» TASK TO COMPLETE: Retype the data that follows, keeping every character the same.

Source records:
◇ ◇ ◇ ◇
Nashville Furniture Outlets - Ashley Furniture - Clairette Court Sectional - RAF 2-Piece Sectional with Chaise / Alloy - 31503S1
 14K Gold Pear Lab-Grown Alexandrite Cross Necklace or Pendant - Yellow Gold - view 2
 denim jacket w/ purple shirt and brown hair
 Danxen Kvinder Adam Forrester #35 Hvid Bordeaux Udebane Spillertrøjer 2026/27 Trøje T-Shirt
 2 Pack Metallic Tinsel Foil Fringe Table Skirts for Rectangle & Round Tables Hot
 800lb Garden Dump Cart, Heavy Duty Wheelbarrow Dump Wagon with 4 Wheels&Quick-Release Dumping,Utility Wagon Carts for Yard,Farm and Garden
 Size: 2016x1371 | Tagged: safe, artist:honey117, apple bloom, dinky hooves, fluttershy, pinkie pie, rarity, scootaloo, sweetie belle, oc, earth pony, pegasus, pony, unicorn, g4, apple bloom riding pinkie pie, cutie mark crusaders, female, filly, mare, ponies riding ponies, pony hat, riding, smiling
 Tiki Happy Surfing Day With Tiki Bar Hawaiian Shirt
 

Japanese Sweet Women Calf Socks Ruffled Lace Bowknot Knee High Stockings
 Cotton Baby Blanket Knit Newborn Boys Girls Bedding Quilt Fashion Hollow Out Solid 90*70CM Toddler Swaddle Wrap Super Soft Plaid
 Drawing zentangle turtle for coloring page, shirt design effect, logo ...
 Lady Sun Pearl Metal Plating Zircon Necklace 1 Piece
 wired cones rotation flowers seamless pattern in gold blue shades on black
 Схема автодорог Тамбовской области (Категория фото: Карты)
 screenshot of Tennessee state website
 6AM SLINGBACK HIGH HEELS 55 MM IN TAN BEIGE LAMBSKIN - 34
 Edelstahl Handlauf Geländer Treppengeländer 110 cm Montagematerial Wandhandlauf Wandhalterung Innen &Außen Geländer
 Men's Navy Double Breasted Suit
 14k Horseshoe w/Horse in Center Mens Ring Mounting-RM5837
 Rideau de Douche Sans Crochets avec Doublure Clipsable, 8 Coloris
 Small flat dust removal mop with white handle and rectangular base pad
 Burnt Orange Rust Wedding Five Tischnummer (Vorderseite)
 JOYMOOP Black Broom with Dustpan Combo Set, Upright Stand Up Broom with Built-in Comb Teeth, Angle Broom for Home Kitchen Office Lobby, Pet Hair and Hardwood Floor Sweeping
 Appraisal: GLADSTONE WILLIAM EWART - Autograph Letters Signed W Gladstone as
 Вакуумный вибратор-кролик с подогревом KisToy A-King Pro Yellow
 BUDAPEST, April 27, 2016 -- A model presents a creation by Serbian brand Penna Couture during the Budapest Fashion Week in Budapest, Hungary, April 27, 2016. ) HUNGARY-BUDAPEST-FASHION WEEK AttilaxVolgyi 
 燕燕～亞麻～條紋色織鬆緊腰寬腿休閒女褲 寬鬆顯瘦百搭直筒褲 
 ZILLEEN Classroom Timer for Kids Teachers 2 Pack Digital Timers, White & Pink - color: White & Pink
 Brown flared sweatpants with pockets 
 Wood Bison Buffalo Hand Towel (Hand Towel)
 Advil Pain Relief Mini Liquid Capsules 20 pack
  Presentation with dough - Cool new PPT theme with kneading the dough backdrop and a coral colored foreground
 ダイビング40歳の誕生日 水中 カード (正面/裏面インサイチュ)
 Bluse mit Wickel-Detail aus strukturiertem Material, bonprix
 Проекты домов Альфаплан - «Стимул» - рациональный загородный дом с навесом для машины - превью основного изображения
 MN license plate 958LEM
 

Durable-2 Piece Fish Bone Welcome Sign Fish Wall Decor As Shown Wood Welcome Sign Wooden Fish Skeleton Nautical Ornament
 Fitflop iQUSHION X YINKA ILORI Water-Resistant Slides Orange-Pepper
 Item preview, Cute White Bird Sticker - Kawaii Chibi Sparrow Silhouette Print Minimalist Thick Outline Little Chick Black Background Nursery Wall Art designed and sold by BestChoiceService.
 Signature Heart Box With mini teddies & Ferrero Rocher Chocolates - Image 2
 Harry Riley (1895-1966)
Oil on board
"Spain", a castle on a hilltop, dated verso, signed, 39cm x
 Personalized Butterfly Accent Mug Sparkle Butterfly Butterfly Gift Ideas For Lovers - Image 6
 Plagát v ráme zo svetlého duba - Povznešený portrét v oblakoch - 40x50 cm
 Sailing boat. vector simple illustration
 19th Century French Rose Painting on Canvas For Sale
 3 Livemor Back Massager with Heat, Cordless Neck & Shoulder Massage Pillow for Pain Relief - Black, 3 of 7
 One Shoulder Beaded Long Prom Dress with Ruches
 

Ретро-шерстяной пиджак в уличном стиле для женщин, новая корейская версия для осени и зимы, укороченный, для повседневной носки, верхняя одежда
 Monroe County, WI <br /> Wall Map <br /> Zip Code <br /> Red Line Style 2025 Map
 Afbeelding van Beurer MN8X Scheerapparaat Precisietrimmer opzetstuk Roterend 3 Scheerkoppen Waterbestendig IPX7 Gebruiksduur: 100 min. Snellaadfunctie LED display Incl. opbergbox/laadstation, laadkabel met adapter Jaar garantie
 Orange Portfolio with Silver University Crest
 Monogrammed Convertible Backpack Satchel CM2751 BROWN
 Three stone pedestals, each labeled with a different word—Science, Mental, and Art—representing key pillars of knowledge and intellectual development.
◇ ◇ ◇ ◇
» EXERCISE SOLUTION:
Nashville Furniture Outlets - Ashley Furniture - Clairette Court Sectional - RAF 2-Piece Sectional with Chaise / Alloy - 31503S1
 14K Gold Pear Lab-Grown Alexandrite Cross Necklace or Pendant - Yellow Gold - view 2
 denim jacket w/ purple shirt and brown hair
 Danxen Kvinder Adam Forrester #35 Hvid Bordeaux Udebane Spillertrøjer 2026/27 Trøje T-Shirt
 2 Pack Metallic Tinsel Foil Fringe Table Skirts for Rectangle & Round Tables Hot
 800lb Garden Dump Cart, Heavy Duty Wheelbarrow Dump Wagon with 4 Wheels&Quick-Release Dumping,Utility Wagon Carts for Yard,Farm and Garden
 Size: 2016x1371 | Tagged: safe, artist:honey117, apple bloom, dinky hooves, fluttershy, pinkie pie, rarity, scootaloo, sweetie belle, oc, earth pony, pegasus, pony, unicorn, g4, apple bloom riding pinkie pie, cutie mark crusaders, female, filly, mare, ponies riding ponies, pony hat, riding, smiling
 Tiki Happy Surfing Day With Tiki Bar Hawaiian Shirt
 

Japanese Sweet Women Calf Socks Ruffled Lace Bowknot Knee High Stockings
 Cotton Baby Blanket Knit Newborn Boys Girls Bedding Quilt Fashion Hollow Out Solid 90*70CM Toddler Swaddle Wrap Super Soft Plaid
 Drawing zentangle turtle for coloring page, shirt design effect, logo ...
 Lady Sun Pearl Metal Plating Zircon Necklace 1 Piece
 wired cones rotation flowers seamless pattern in gold blue shades on black
 Схема автодорог Тамбовской области (Категория фото: Карты)
 screenshot of Tennessee state website
 6AM SLINGBACK HIGH HEELS 55 MM IN TAN BEIGE LAMBSKIN - 34
 Edelstahl Handlauf Geländer Treppengeländer 110 cm Montagematerial Wandhandlauf Wandhalterung Innen &Außen Geländer
 Men's Navy Double Breasted Suit
 14k Horseshoe w/Horse in Center Mens Ring Mounting-RM5837
 Rideau de Douche Sans Crochets avec Doublure Clipsable, 8 Coloris
 Small flat dust removal mop with white handle and rectangular base pad
 Burnt Orange Rust Wedding Five Tischnummer (Vorderseite)
 JOYMOOP Black Broom with Dustpan Combo Set, Upright Stand Up Broom with Built-in Comb Teeth, Angle Broom for Home Kitchen Office Lobby, Pet Hair and Hardwood Floor Sweeping
 Appraisal: GLADSTONE WILLIAM EWART - Autograph Letters Signed W Gladstone as
 Вакуумный вибратор-кролик с подогревом KisToy A-King Pro Yellow
 BUDAPEST, April 27, 2016 -- A model presents a creation by Serbian brand Penna Couture during the Budapest Fashion Week in Budapest, Hungary, April 27, 2016. ) HUNGARY-BUDAPEST-FASHION WEEK AttilaxVolgyi 
 燕燕～亞麻～條紋色織鬆緊腰寬腿休閒女褲 寬鬆顯瘦百搭直筒褲 
 ZILLEEN Classroom Timer for Kids Teachers 2 Pack Digital Timers, White & Pink - color: White & Pink
 Brown flared sweatpants with pockets 
 Wood Bison Buffalo Hand Towel (Hand Towel)
 Advil Pain Relief Mini Liquid Capsules 20 pack
  Presentation with dough - Cool new PPT theme with kneading the dough backdrop and a coral colored foreground
 ダイビング40歳の誕生日 水中 カード (正面/裏面インサイチュ)
 Bluse mit Wickel-Detail aus strukturiertem Material, bonprix
 Проекты домов Альфаплан - «Стимул» - рациональный загородный дом с навесом для машины - превью основного изображения
 MN license plate 958LEM
 

Durable-2 Piece Fish Bone Welcome Sign Fish Wall Decor As Shown Wood Welcome Sign Wooden Fish Skeleton Nautical Ornament
 Fitflop iQUSHION X YINKA ILORI Water-Resistant Slides Orange-Pepper
 Item preview, Cute White Bird Sticker - Kawaii Chibi Sparrow Silhouette Print Minimalist Thick Outline Little Chick Black Background Nursery Wall Art designed and sold by BestChoiceService.
 Signature Heart Box With mini teddies & Ferrero Rocher Chocolates - Image 2
 Harry Riley (1895-1966)
Oil on board
"Spain", a castle on a hilltop, dated verso, signed, 39cm x
 Personalized Butterfly Accent Mug Sparkle Butterfly Butterfly Gift Ideas For Lovers - Image 6
 Plagát v ráme zo svetlého duba - Povznešený portrét v oblakoch - 40x50 cm
 Sailing boat. vector simple illustration
 19th Century French Rose Painting on Canvas For Sale
 3 Livemor Back Massager with Heat, Cordless Neck & Shoulder Massage Pillow for Pain Relief - Black, 3 of 7
 One Shoulder Beaded Long Prom Dress with Ruches
 

Ретро-шерстяной пиджак в уличном стиле для женщин, новая корейская версия для осени и зимы, укороченный, для повседневной носки, верхняя одежда
 Monroe County, WI <br /> Wall Map <br /> Zip Code <br /> Red Line Style 2025 Map
 Afbeelding van Beurer MN8X Scheerapparaat Precisietrimmer opzetstuk Roterend 3 Scheerkoppen Waterbestendig IPX7 Gebruiksduur: 100 min. Snellaadfunctie LED display Incl. opbergbox/laadstation, laadkabel met adapter Jaar garantie
 Orange Portfolio with Silver University Crest
 Monogrammed Convertible Backpack Satchel CM2751 BROWN
 Three stone pedestals, each labeled with a different word—Science, Mental, and Art—representing key pillars of knowledge and intellectual development.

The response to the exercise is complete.